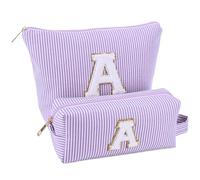 LYEAA 2 Piezas de Chenilla con Letras a Rayas Organizador de Maquillaje Bolsa de Almacenamiento Lindo Estuche Organizador de cosméticos con Cremallera Bolsa para el Cuidado de la Piel Regalo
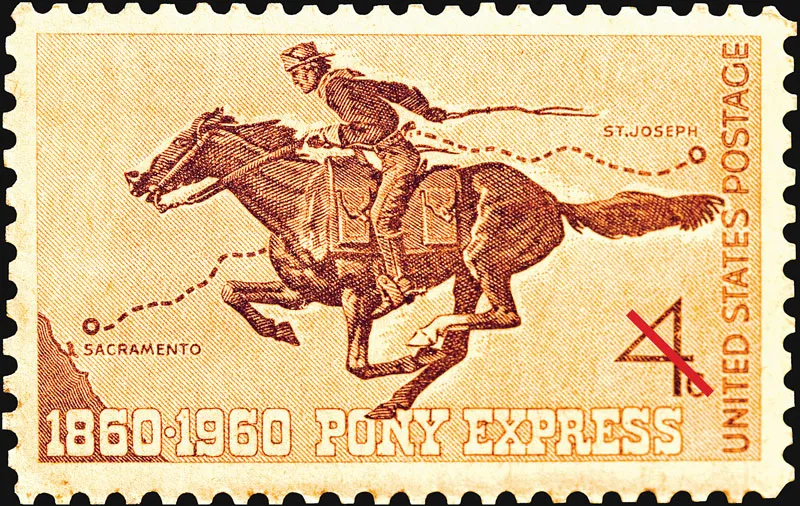 Photo of the U.S. stamp issued to mark the 100-year centennial of the 1860 founding of the Pony Express
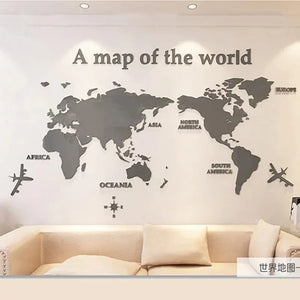 Kids World Map Acrylic Wall Sticker Rberyl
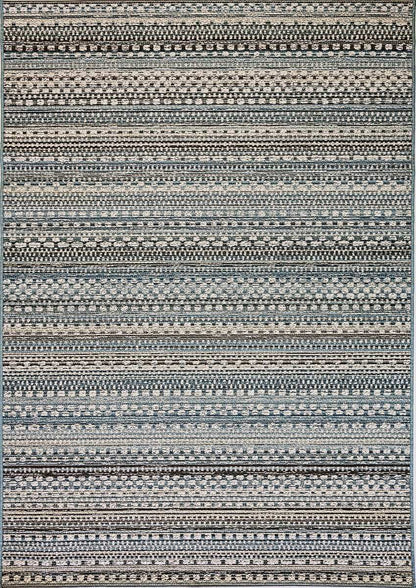 Dynamic Brighton 8570 Beige / Blue Striped Area Rug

=== Assignment ===
Drop the images and repeat the data exactly.

=== Exercise output ===
 LYEAA 2 Piezas de Chenilla con Letras a Rayas Organizador de Maquillaje Bolsa de Almacenamiento Lindo Estuche Organizador de cosméticos con Cremallera Bolsa para el Cuidado de la Piel Regalo
 Photo of the U.S. stamp issued to mark the 100-year centennial of the 1860 founding of the Pony Express
 Kids World Map Acrylic Wall Sticker Rberyl
 Dynamic Brighton 8570 Beige / Blue Striped Area Rug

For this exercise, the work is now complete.